I Die Toten Hosen sono sicuramente uno dei gruppi punk più famosi della Germania che hanno ottenuto un vasto seguito anche al di fuori dei confini tedeschi, nati nel 1982 nella Germania Ovest. Reeder venne assoldato come loro tecnico del suono fino al 1987 e, grazie a lui, il gruppo guidato da Campino riuscì a esibirsi per ben due volte oltre il Muro.  “Essendo amico dei Die Toten Hosen ho anche contribuito a organizzare, con i miei amici punk della Germania dell’Est, due concerti, completamente illegali, della band oltre il Muro. In quegli anni non era semplicemente difficile suonare nella DDR, era praticamente impossibile, dato che, soprattutto il genere punk, era proibito e sottoposto a una pesante censura. Il primo concerto fu nel sobborgo di Rummelsburg nella Erloeserkirche. Lo show era camuffato da servizio religioso, una cosiddetta ‘messa blues’. Nella Germania dell’Est comunista era praticamente impossibile acquistare strumenti elettronici, e non tutti potevano. Dovevi superare un test attitudinale speciale per ottenere il permesso anche per possedere una cosa come una chitarra elettrica, quindi superare un altro test per vedere se eri musicalmente abile e quindi richiedere un ulteriore permesso per poterlo suonare in pubblico. Come puoi immaginare, non è stato facile trovare tutta l’attrezzatura di cui avevamo bisogno. I miei amici di Berlino Est riuscirono a procurarci alcune chitarre, una batteria e un amplificatore da una punk band chiamata Planlos”.
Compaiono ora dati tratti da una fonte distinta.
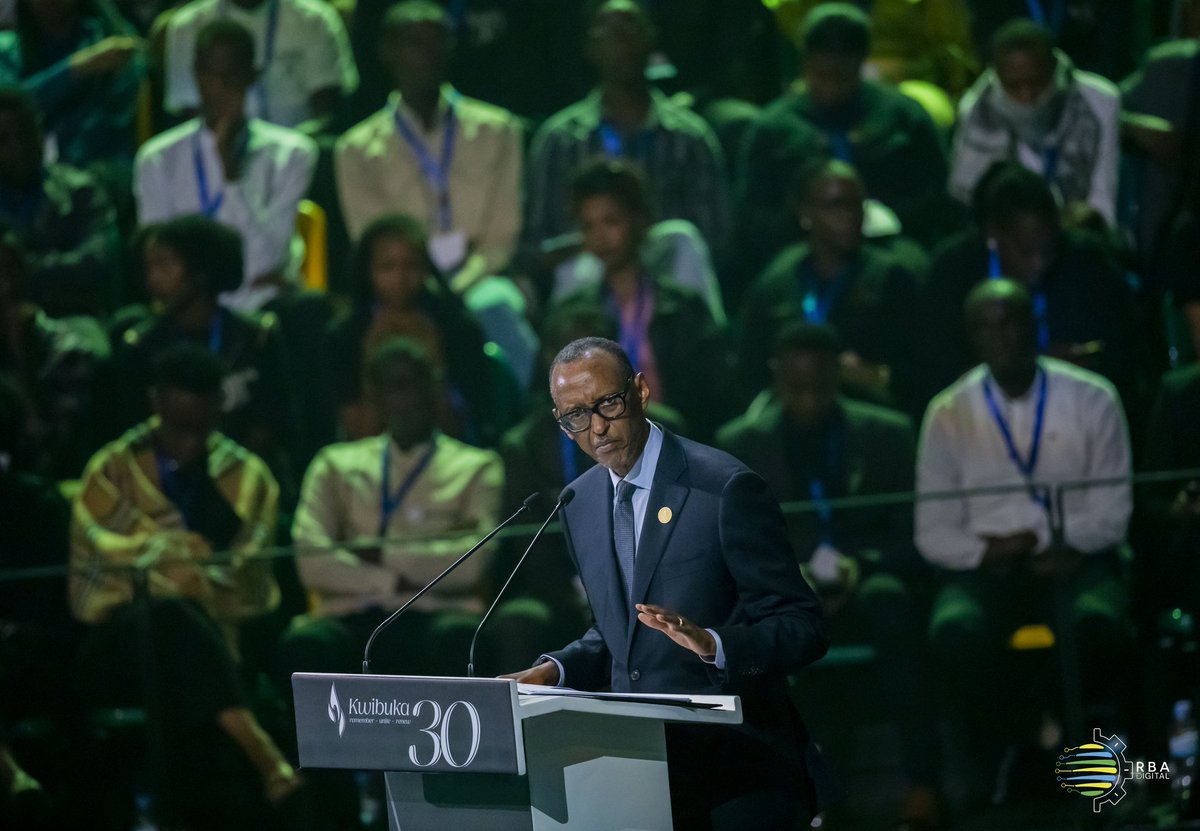 « Rien ne peut nous arriver qui soit pire que ce que nous avons déjà expérimenté. Nous sommes une nation de 14 millions de gens prêts à lutter contre tout ce qui peut nous faire retourner en arrière. Notre peuple ne sera jamais, jamais voué à la mort encore » conclut le président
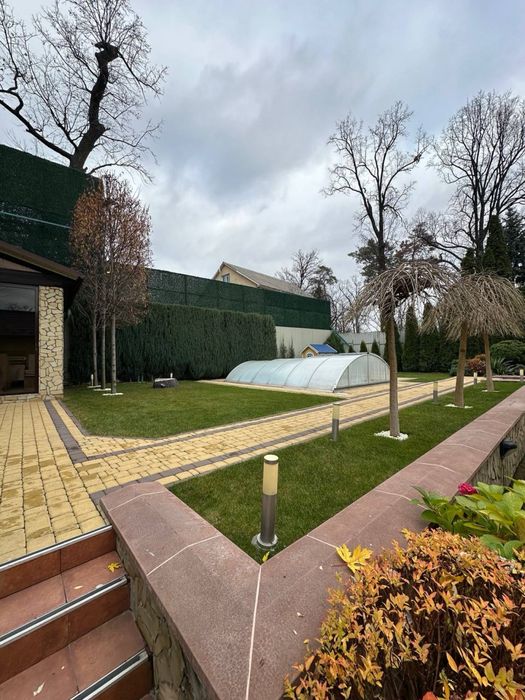 Будинок з ремонтом в центрі Ірпеня! Басейн, гараж, підвал!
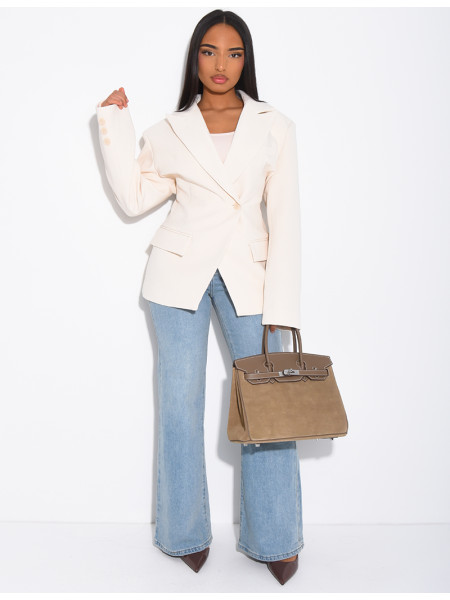 Premium blazer with fitted waist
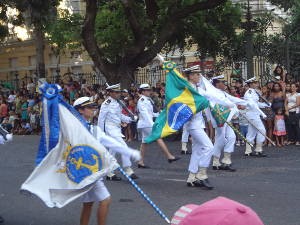 Militares desfilaram com as bandeiras do Brasil e do Pará. (Foto: Ingo Muller/ G1)
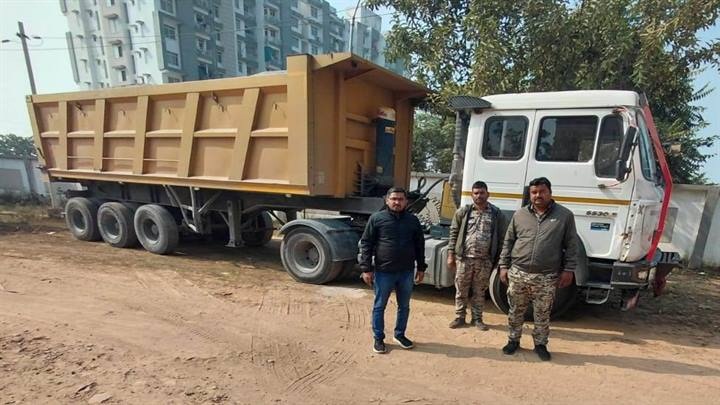 ग्वालियरः खनिज पदार्थों के अवैध परिवहन में लिप्त चार वाहन जब्त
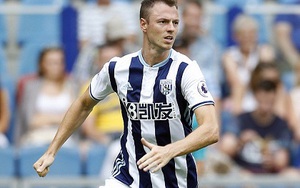 Arsenal hỏi mua cựu trung vệ Man United để thay thế Mertesacker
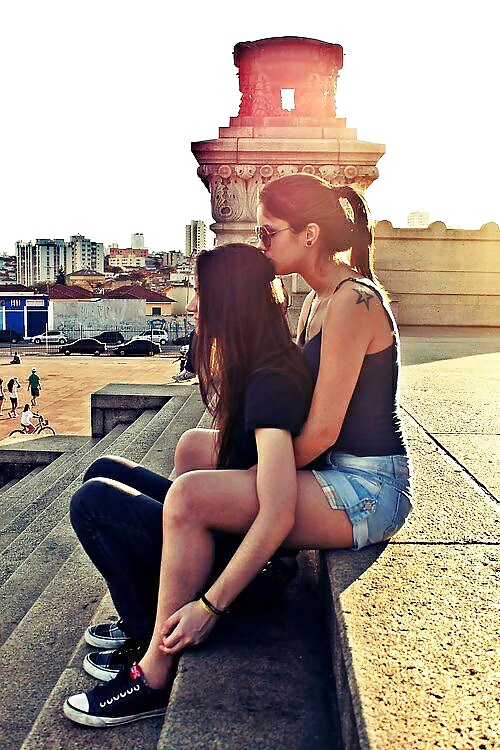 Beautiful Lesbian Couples 9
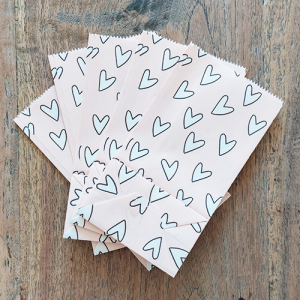 Blokzak roze hartjes (5 stuks 9x15X16 cm)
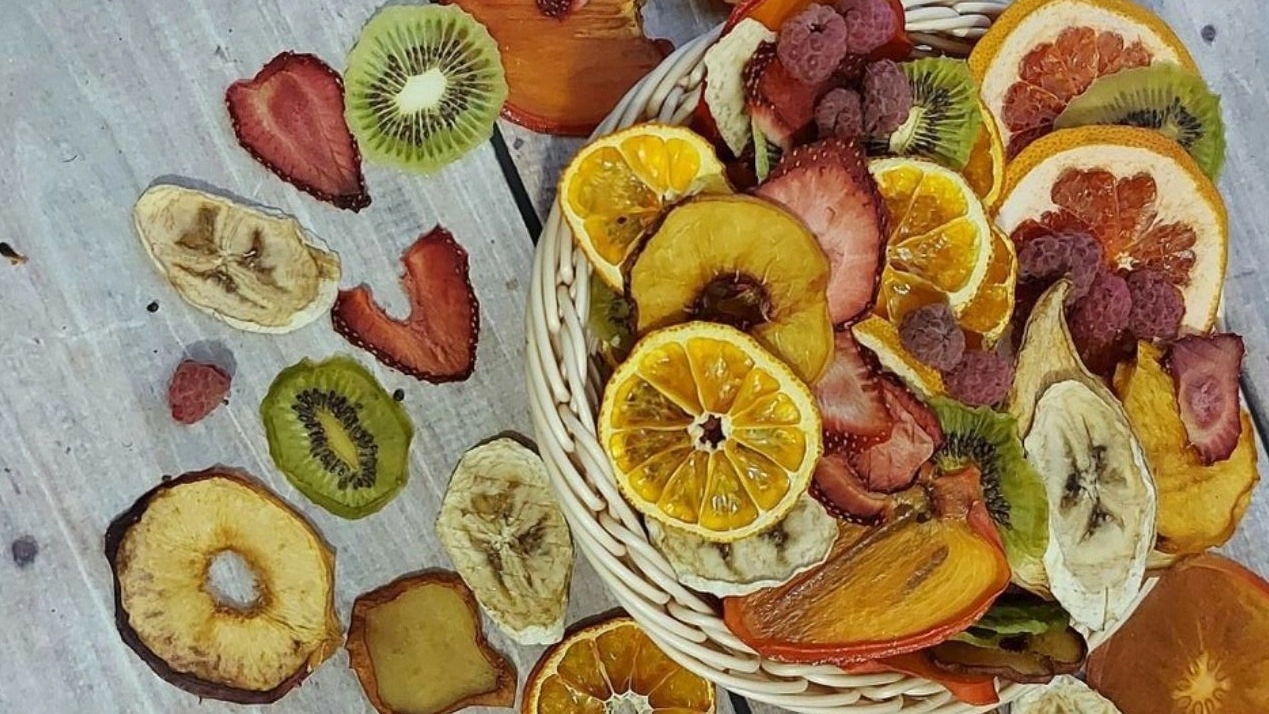 تفاوت میوه خشک حرارتی و میوه خشک فریز درایر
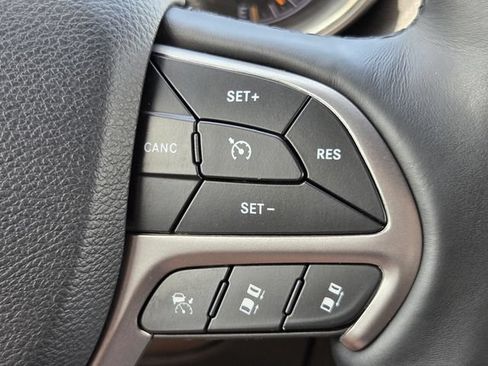 Used 2019 Jeep Grand Cherokee High Altitude AWD/4WD image 24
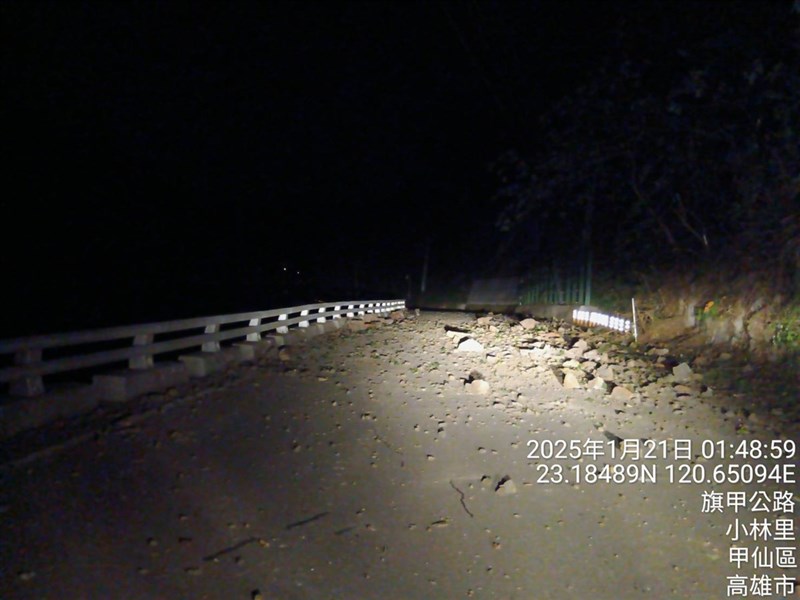 Longsoran batu menumpuk di sekitar titik kilometer 8,5 dari Jalan Provinsi 19 pasca gempa Selasa dini hari. (Sumber Foto : Kantor Cabang Wilayah Selatan Biro Jalan Raya, 21 Januari 2025)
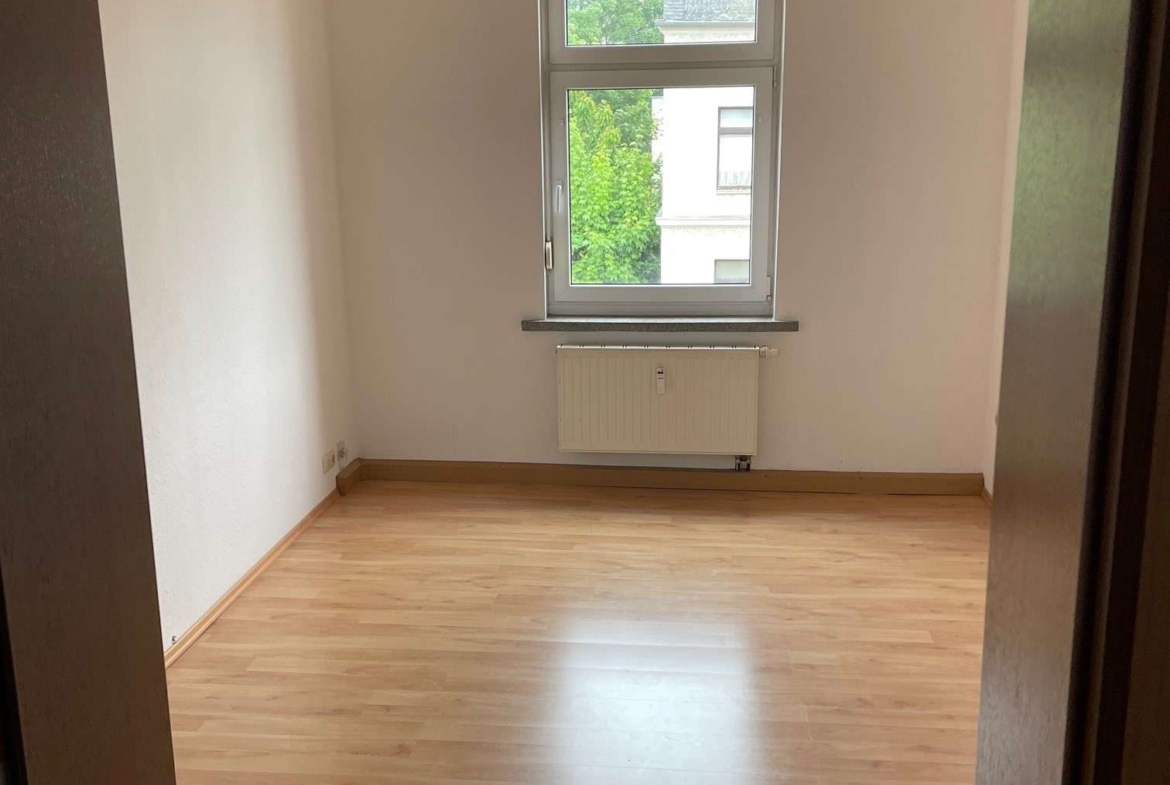 Viel Platz für Ihre Familie* 5Raum-WE mit Badewanne & Dusche in Limbach-Oberfrohna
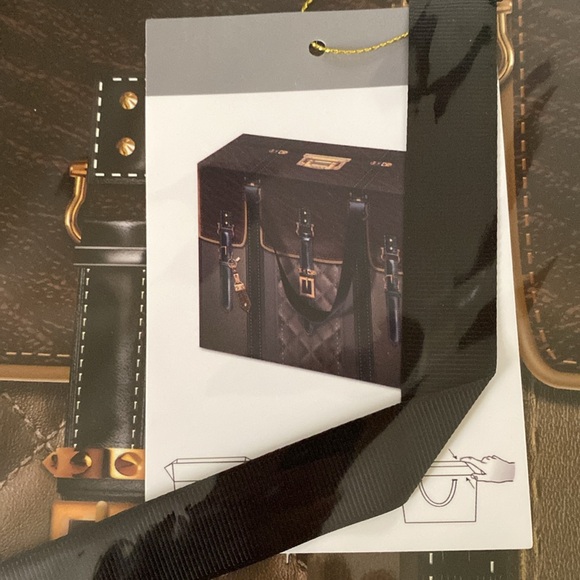 DZHAVAEL COUTURE GIFT BAGS - Picture 5 of 7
Die Toten Hosen in concerto alla Hoffnungskirche di Berlino Est nel 1988 - dall'archivio privato di Mark Reeder

Die Toten Hosen in concerto alla Hoffnungskirche di Berlino Est nel 1988 – dall’archivio privato di Mark Reeder

“Io e Alistair riuscimmo a far superare alla band i pesanti controlli che effettuavano nel confine tra Est e Ovest e lo facemmo dividendoci in piccoli gruppi da 3 persone. Abbiamo scaglionato i gruppi, in modo da non essere tutti insieme al confine, e a ogni trio è stato detto di ignorare l’altro. Nessuno doveva destare sospetti.
I Toten Hosen riuscirono a suonare con gli strumenti presi in prestito davanti a un selezionato pubblico di 30 persone. Siamo riusciti a farcela. È stata un’esperienza molto emozionante e un colpo così importante per tutti noi. Avevamo battuto il cupo sistema stalinista! Avevamo portato un po’ di quel ‘westlicher freihitsgefuehl’ (senso di libertà occidentale) in Oriente. Avevamo fatto qualcosa di completamente illegale. Si è poi scoperto che il nostro era stato il primo concerto punk illegale in assoluto a Berlino Est da parte di una band dell’Ovest. Qualche anno dopo, nel 1988, volevamo ripetere l’impresa ancora, questa volta in un cimitero della Hoffnungskirche a Pankow. Questa volta, il concerto era stato annunciato come uno show di beneficenza per gli orfani rumeni. Ancora una volta, avevamo invitato solo una manciata di persone a questo concerto segreto, ma si presentarono invece in centinaia, inclusi membri della Stasi”.